Sample Complexity: For PAC learning, label DP retains the optimal $O(\mathrm{VC}(C))$ sample complexity—the same order as non-private learning—unlike full DP, which may require exponentially more samples for complex tasks (see (Beimel et al., 2014)).
Risk Bounds: For regression and classification, minimax lower and upper bounds are established (Zhao et al., 20 Feb 2025). Under local $\epsilon$ -label DP, excess risk rates are polynomially faster than under full DP. For classification,

$\Omega\!\Bigl\{[n(\epsilon^2\wedge1)]^{-\frac{\beta(\gamma+1)}{2\beta+d}}\Bigr\}$

for $n$ samples, $\beta$ Hölder smoothness, $d$ feature dim, and margin $\gamma$ . In the central model, the gain is only a constant factor.

Semantic Guarantees: No adversary can gain more than $1 - 2/(1 + e^\epsilon)$ in additional label inference advantage over the Bayes classifier (Wu et al., 2022). At $\epsilon \to 0$ , the model reveals no more label information than the Bayes-optimal predictor using only features.

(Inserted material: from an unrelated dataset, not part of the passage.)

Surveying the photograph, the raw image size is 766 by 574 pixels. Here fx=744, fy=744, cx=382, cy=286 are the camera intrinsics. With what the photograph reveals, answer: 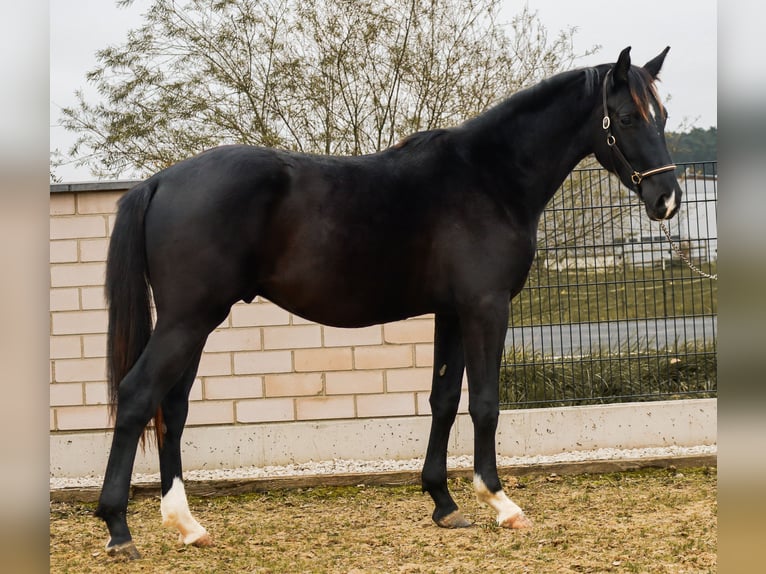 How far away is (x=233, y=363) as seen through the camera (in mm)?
5410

4. Practical Implementations and Empirical Results

Mechanisms are empirically validated on standardized ML tasks (CIFAR-10, CIFAR-100, MNIST, tabular data). Key findings include:

Regularization Benefits: Label-flipping, as in $\epsilon$ -label DP randomized response, regularizes both discriminative and generative models, improving generalization and sometimes yielding utility superior to the non-private baseline due to label noise-induced regularization (Cunningham et al., 2022).
Regression Accuracy: RPWithPrior achieves the lowest or tied-lowest MSE at all privacy budgets, outperforming Laplace, Gaussian, and RR-on-bins on real datasets (Liu et al., 30 Jan 2026).
Scalability: Aggregation mechanisms (Brahmbhatt et al., 2023) enable privacy-preserving regression without per-record noise, maintaining near-optimal utility.
High-Class Regimes: Vector approximation mechanisms achieve much better utility than RR as the number of classes grows large (2405.15150).

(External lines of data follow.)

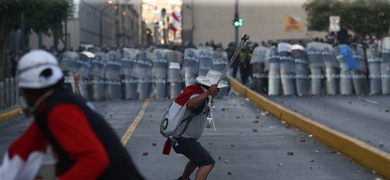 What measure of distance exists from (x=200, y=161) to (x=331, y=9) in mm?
55231

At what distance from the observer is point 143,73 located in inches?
1282

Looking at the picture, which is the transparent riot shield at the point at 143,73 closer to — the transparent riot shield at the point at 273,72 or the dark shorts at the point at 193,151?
the transparent riot shield at the point at 273,72

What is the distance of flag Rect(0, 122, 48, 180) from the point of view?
15.6ft

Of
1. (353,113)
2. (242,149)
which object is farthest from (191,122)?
(353,113)

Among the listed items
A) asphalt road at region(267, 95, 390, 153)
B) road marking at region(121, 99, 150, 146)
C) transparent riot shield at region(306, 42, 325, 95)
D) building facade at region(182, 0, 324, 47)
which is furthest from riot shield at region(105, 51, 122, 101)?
building facade at region(182, 0, 324, 47)

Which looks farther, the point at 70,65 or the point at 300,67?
the point at 300,67

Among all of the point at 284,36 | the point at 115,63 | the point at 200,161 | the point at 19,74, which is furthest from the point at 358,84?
the point at 284,36

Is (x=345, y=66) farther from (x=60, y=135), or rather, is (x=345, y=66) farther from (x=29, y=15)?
(x=60, y=135)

5. Semantics, Auditing, and Limits of Protection

Auditing Label Privacy: Observational auditing (Kalemaj et al., 18 Nov 2025) provides methodology to empirically certify claims of $(\epsilon,\delta)$ -label DP by analyzing outputs of the target model and probing label-inference success rates on synthetic canaries, calibrated against theoretical DP tail bounds.
Attacks and Limitations: Label DP only bounds the adversary's excess in label inference above Bayes-optimal performance (see Section 2.2 above); absolute attack accuracy may remain high if features are predictive. At $\epsilon=0$ , all inference power is dictated by public features alone (Wu et al., 2022).
Regime Selection: For strong protection, $\epsilon$ should be calibrated to the application’s baseline Bayes-risk and the permitted excess leakage, using the explicit formula in Section 2 above.

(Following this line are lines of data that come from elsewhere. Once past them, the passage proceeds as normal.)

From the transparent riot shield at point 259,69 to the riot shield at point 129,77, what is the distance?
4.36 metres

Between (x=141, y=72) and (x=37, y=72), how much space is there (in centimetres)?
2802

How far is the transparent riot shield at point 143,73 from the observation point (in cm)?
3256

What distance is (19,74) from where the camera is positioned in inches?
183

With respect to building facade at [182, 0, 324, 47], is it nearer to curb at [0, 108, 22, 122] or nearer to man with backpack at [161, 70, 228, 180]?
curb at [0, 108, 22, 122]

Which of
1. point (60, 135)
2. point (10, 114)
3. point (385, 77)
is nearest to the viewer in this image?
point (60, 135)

6. Advanced Topics: Central vs. Local DP, Aggregation, and Open Problems

Central vs Local: Local $\epsilon$ -label DP (LDP) yields dramatic improvements in learning rates versus full LDP; central label DP (CDP) confers only constant-factor gains over full central DP (Zhao et al., 20 Feb 2025).
Aggregation for Regression: Weighted LBA achieves $(\epsilon,\delta)$ -label DP for regression without per-sample label corruption by using random aggregation, enabling highly efficient privacy-preserving training (Brahmbhatt et al., 2023).
Open Problems: Optimizing algorithms for high-dimensional settings, extending to $(\epsilon,\delta)$ -approximate label DP or Rényi DP, empirical tightening of theory–practice gaps in PATE mechanisms, and improved mechanisms for structured (non-scalar) outputs are ongoing research directions.

7. Applications and Impact

$\epsilon$ -label differential privacy is now a foundational approach in privacy-sensitive supervised learning, private synthetic data (notably spatial), privacy-preserving advertising, and secure medical or demographic inference where features are (semi-)public and labels are the primary concern. The flexibility in mechanism design, favorable sample complexity, and regularization effects have facilitated its adoption in both academic and operational privacy-preserving ML. Calibration of $\epsilon$ is a key challenge, informed by Bayes risk and explicit semantic bounds (Wu et al., 2022), and post-hoc empirical auditing is increasingly adopted for real-world deployments (Kalemaj et al., 18 Nov 2025).